Einige Wochen später war wieder Sankt Martin, aber der Zug war irgendwie eigenartig. Ja, der war sogar ganz anders, als ich erwartete. Der Martinszug musste nämlich ohne Lichter ziehen! Wir Kinder hatten zwar wieder unsere Martinslampen, aber die Kerzen durften nicht angezündet werden. Hauptsache war jedoch, dass es wieder eine Martinstüte gab. Unsere Eltern erklärten uns dann, warum wir ohne Lichter ziehen mussten. Das geschah, damit wir nicht von den englischen Fliegern gesehen werden konnten. Die hatten nämlich Bomben, die sie auf uns herunter werfen konnten. Englische Flieger? Bomben? Was war das?

Englische Flieger tauchten erst später, nämlich Ende November 1939 über Düsseldorf auf. Zu einem Angriff kam es aber nicht. Eines Abends, es war schon dunkel, hämmerte es laut an unserer Wohnungstür. Es war der für unsere Wohnung zuständige Blockwart von der NSDAP, der meine Mutter laut ausschimpfte, weil unsere Fenster nicht richtig abgedunkelt waren. Man konnte von draußen Licht sehen. Ich verstand Worte wie „Verantwortungslos, Bomben und Strafanzeige“.

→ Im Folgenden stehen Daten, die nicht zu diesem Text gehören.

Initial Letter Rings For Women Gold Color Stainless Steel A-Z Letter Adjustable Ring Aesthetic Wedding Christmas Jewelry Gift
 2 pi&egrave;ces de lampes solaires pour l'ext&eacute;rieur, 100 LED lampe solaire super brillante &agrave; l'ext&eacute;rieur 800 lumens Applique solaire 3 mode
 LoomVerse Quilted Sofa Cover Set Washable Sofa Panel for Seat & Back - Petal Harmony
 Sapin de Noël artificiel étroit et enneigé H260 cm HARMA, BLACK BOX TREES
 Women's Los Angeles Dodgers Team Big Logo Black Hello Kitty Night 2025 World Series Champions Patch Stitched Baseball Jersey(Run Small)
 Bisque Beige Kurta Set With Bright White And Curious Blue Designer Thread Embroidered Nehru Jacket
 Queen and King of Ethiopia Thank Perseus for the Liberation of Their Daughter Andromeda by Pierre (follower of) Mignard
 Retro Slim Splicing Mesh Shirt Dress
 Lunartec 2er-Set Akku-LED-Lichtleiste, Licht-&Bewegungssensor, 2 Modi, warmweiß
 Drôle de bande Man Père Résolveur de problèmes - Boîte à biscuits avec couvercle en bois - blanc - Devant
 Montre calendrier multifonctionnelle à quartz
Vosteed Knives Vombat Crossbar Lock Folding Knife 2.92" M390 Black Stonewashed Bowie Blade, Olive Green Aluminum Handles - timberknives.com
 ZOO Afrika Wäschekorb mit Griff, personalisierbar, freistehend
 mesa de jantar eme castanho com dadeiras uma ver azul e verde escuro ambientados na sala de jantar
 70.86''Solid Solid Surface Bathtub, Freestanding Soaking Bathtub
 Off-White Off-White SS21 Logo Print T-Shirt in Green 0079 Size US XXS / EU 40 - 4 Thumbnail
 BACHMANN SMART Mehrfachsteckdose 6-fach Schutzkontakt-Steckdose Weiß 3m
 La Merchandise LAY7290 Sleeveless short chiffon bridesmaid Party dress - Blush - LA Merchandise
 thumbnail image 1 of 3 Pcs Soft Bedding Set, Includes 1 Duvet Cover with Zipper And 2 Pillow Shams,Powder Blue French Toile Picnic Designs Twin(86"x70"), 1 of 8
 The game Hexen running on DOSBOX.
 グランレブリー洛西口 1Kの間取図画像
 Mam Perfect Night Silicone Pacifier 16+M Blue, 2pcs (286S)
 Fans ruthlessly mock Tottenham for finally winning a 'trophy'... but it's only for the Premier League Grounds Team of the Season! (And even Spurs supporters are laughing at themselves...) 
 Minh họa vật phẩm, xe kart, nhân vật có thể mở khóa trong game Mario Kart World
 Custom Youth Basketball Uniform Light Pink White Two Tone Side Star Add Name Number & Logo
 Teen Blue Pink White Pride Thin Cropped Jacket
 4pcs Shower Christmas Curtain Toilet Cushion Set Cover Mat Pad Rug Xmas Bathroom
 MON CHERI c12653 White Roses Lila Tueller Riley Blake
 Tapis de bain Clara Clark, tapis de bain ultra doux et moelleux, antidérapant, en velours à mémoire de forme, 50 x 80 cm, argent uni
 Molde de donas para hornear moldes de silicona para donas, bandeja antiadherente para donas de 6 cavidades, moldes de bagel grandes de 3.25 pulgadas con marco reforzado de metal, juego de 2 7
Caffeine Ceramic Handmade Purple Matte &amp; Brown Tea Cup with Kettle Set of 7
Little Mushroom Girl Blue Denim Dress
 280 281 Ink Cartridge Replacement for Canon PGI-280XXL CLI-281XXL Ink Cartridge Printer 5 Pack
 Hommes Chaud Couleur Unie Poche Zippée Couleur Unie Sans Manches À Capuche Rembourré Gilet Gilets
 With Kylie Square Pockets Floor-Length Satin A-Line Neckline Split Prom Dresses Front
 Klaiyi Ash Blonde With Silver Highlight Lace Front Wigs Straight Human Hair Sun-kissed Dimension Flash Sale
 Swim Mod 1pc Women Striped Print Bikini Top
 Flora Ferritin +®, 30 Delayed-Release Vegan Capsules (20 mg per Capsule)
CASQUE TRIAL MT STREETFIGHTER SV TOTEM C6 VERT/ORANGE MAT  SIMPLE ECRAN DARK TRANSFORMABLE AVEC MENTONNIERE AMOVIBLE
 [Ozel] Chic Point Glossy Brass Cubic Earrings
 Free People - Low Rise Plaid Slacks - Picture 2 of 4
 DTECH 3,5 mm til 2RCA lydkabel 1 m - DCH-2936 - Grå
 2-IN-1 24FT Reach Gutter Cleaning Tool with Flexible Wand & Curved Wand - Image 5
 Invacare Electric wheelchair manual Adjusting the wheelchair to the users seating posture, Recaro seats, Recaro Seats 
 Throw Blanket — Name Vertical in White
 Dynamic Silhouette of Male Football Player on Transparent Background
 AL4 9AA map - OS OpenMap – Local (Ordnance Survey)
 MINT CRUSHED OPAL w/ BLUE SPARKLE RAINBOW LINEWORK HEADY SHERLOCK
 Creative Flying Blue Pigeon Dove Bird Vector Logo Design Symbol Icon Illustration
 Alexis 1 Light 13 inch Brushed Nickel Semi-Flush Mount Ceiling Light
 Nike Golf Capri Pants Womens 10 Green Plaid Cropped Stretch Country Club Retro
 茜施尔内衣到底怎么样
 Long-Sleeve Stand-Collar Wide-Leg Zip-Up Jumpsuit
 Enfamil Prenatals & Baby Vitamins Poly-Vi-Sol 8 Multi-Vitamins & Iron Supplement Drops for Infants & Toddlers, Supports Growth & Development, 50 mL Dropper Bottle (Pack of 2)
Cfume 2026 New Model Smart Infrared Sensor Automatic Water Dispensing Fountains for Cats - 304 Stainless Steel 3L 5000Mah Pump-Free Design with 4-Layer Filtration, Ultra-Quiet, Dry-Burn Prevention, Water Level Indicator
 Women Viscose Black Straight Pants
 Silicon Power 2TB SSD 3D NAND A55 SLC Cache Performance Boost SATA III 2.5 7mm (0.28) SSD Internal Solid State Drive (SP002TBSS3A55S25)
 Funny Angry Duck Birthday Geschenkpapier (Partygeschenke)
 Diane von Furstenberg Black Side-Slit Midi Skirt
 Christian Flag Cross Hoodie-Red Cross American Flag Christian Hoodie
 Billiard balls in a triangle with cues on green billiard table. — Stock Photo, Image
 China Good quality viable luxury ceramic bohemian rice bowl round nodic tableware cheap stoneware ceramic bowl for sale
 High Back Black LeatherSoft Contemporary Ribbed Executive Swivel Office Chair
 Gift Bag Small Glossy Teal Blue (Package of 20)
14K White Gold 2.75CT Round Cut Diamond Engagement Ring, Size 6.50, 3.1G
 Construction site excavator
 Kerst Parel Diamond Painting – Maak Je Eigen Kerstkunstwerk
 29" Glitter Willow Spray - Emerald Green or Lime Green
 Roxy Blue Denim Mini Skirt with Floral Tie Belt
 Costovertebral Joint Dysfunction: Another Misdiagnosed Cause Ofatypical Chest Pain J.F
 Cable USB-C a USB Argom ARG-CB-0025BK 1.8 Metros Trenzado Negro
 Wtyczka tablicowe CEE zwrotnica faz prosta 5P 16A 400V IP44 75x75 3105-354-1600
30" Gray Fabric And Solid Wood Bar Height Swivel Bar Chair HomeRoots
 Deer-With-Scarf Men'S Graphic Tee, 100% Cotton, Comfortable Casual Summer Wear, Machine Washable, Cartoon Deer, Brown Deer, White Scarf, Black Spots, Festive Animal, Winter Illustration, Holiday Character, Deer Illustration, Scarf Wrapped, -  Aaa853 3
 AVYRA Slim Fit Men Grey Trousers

Dass der Krieg eine ernste Sache ist, erkannte ich im Mai 1940, etwa einen Monat nach meinem fünften Geburtstag. Da ertönten zum ersten Mal in der Nacht die Sirenen und wir eilten zusammen mit den anderen Hausbewohnern in den Keller. Düsseldorf wurde zum ersten Mal bombardiert. Gemessen an den späteren Angriffen war diese Bombardierung aber noch nicht verheerend, obwohl einige Häuser getroffen wurden und es auch einige Tote und Verletzte gab.

Die Alarmsirenen hatten übrigens etwas Schauerliches an sich. Wenn vor einem bevorstehenden Angriff gewarnt wurde, verursachte das Auf und Ab des durch Mark und Bein gehenden Heultons der Sirene schon für sich alleine eine beklemmende Angst. Wie eine Erlösung kam mir dann nach dem Angriff der langgezogene Heulton der Entwarnung vor. Diese Sirenen gibt es immer noch und wie in Erwartung eines nächsten Krieges werden sie in bestimmten Zeitabschnitten zur Probe in Gang gesetzt und dann kommt es mir jedes Mal so vor, als wäre wieder Krieg.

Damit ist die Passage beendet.